As a general rule, it helps to use literary devices, such as simile, metaphor, repetition, diction, and syntax, thoughtfully. Also, a free verse poem should have intentional line breaks, so you may want to think carefully about where you’d like to place those breaks. Also, even though free verse poems don’t employ a regular meter throughout the poem, you can still use meter and rhyme in unconventional ways to improve the rhythm of your poem. 

Here’s an example:

             One white paw STOPS 


                                    and waits

            (A rustle in the bushes.)  

            Time passes. 

No sounds. No smells. No shadowy masses. 

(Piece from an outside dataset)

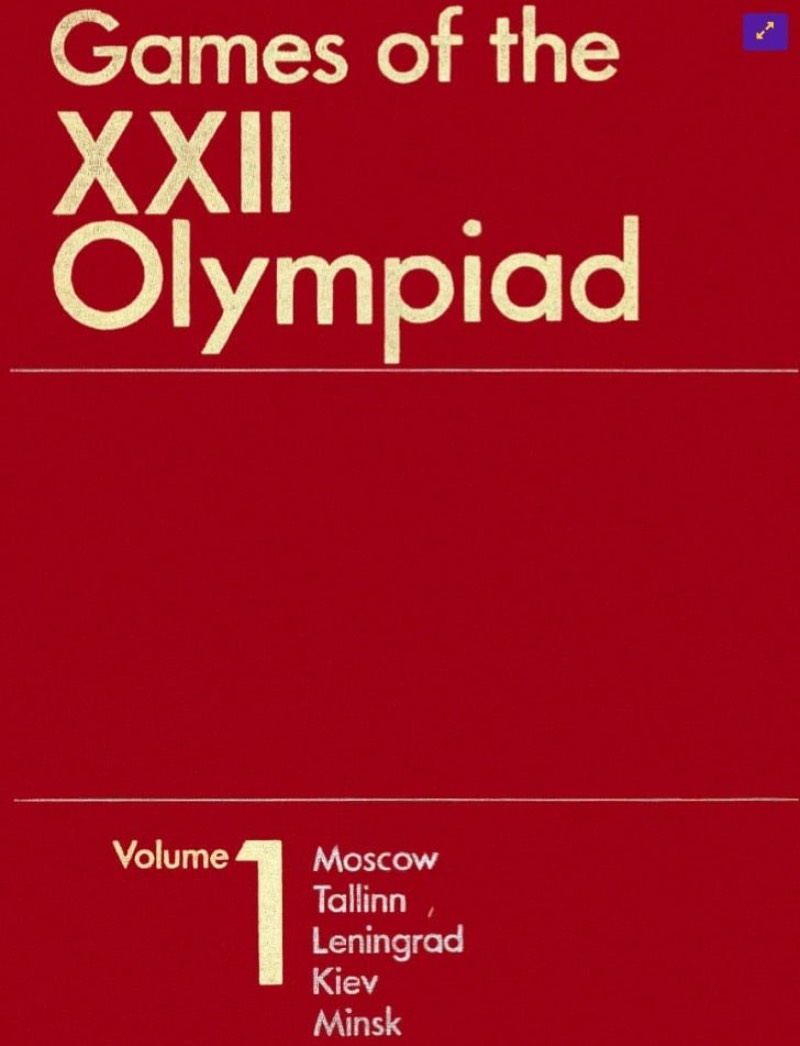 O logo e o grid das Olimpíadas de Moscou em 1980, no design de Vladimir Arsentyev, consiste de uma seção de uma pista de corrida que levanta para se tornar uma das típicas silhuetas arquitetônicas de Moscou. Além disso, o design é finalizado com o embleme Olímpico e seus cinco anéis em apenas uma cor e uma estrela de cinco pontas acima de tudo.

        The dog waits, invisible and ready.

Other Types of Poetry

Once you’ve tried writing free verse and blackout poetry, you can attempt to write a prose poem without line breaks. After you’ve mastered the prose poem, try writing in the form of a shape. For example, a Diamante poem forms a diamond out of a specific sequence of nouns, verbs, and adjectives. When you’ve finished with those, see if you can compose a funny limerick or a long, narrative poem

The more poems you read, the more you’ll become familiar with the way poets use imagery, figures of speech, and classical allusions to craft meaning. Before long, you may find yourself writing poems, maybe even inventing new poetic forms to express your creativity. Since there’s no wrong way to write a poem, you can’t make a mistake. Give it a try! Begin by attempting some different forms and reading the work of other poets. Once you create something that makes you smile, try sharing your work with an audience.